Obviously I’m rocked that the payroll tax cut is sticking around, because who couldn’t use an extra $40 every payday? But it shouldn’t be flaunted as a winners and losers situation politically. All that does is foment resentment and cause the “cavers” to want to avoid such embarrassment in the future by not reaching across next time.

I’ll be the first to dance and shout when the Dems ram an awesome bill through despite GOP opposition, but this is one of those cases where the two dudes should shake hands, not fists.

Our maybe I’m just feeling all warm and fuzzy from xmas nog, who knows.

So about that "no more Bill of Rights" bill…

In case you’re wondering, the reason it took me so damn long to get into S 1867 is that before I’m willing to join the alarmist sabre-rattling, I insisted on actually reading the gaw damn bill. So I fired up the Library of Congress and tried sifting through the 687 pages of the thing to see what all the fuss is about. To put it mildly, this is a dense, difficult read, and finding anything pertinent was difficult.

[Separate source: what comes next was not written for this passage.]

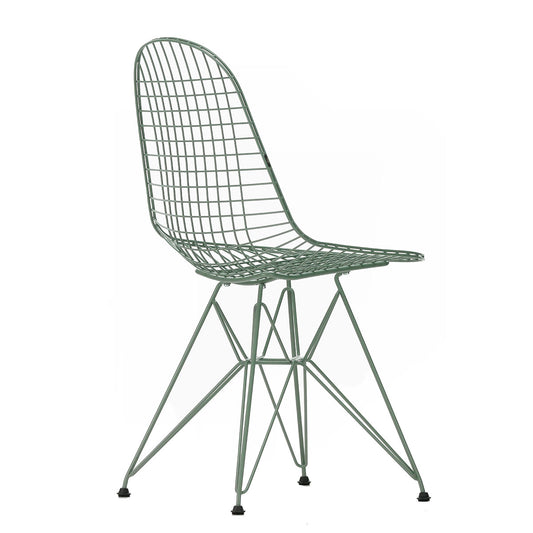 DKR Eames Wire Chair | Sea Foam Green Powder Coat Frame with Black Glides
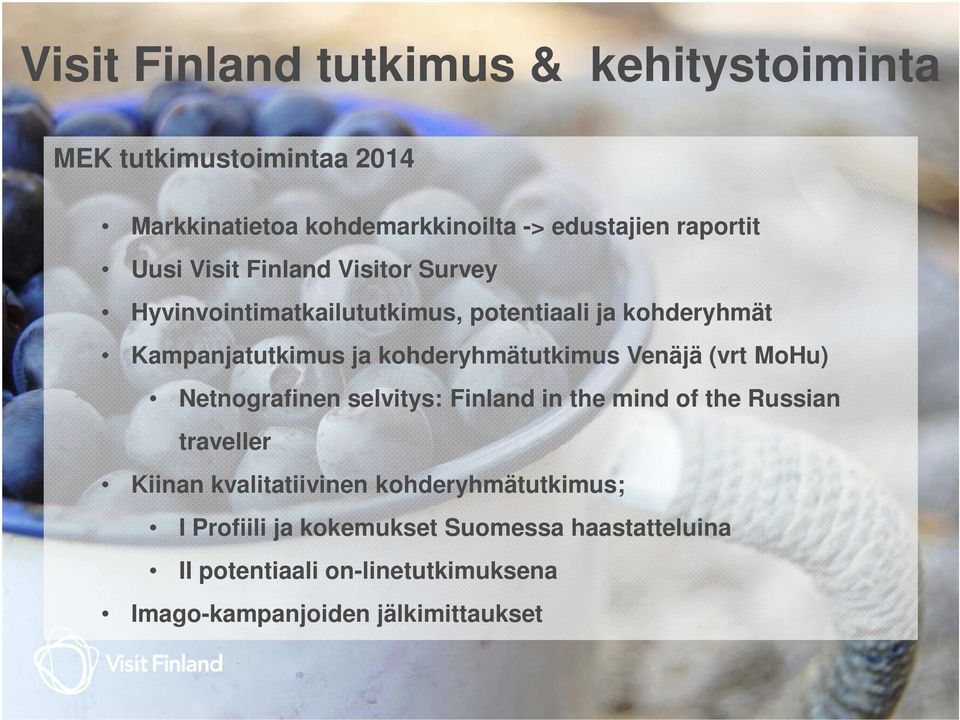 kohderyhmätutkimus Venäjä (vrt MoHu) Netnografinen selvitys: Finland in the mind of the Russian traveller Kiinan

To start things off, again, the bill is nearly 700 pages, and we all know how the Senate is about reading things fully. Secondly, the vast majority of this is an appropriations bill, talking about budgetary matters and the allocation of funds. So when people start yammering about how these and those Democrats voted for it, and how it passed 97-3, there’s a good chance that they were simply not aware of this earth-shattering matter. Follow the Razor, folks.

Now then, the pertinent part of the bill, insofar as I can tell, is Title X Subtitle D, “Detainee Matters”, and its seven sections. In there, it discusses the rules about detaining terrorist suspects on American soil. I read through that section a few times, looking up everything in the bill relating to detainees, and in there I found the following bits:

(1) UNITED STATES CITIZENS- The requirement to detain a person in military custody under this section does not extend to citizens of the United States.

(2) LAWFUL RESIDENT ALIENS- The requirement to detain a person in military custody under this section does not extend to a lawful resident alien of the United States on the basis of conduct taking place within the United States, except to the extent permitted by the Constitution of the United States.

(e) Authorities- Nothing in this section shall be construed to affect existing law or authorities, relating to the detention of United States citizens, lawful resident aliens of the United States or any other persons who are captured or arrested in the United States.

Among others. Unless there’s something in this bill I have yet to find, I don’t know why this has suddenly been turned into the bill that decimated the Bill of Rights. The slight ambiguity of “requirement” as opposed to “authority” may be the difference here, but the reason for that is that the bill now states that foreign combatants must be held as per this bill’s wording, and that this does not apply to American citizens or lawful aliens. There is nothing in here, anywhere, that expands the power of the military to declare American citizens “enemy combatants” and throw them into the gulags.

Is the bill worded optimally? Maybe not, but thus far, in none of the articles about this thing where they sound the sirens do they point out specific sections and refer to the text of the bill. Rather, the echo chamber has caused everyone to go berzerk based on a few contortions of language.

Besides, Bradley Manning was held without trial for how long, now? Not only didn’t this bill change anything, but it’s not like we were doing so well without it.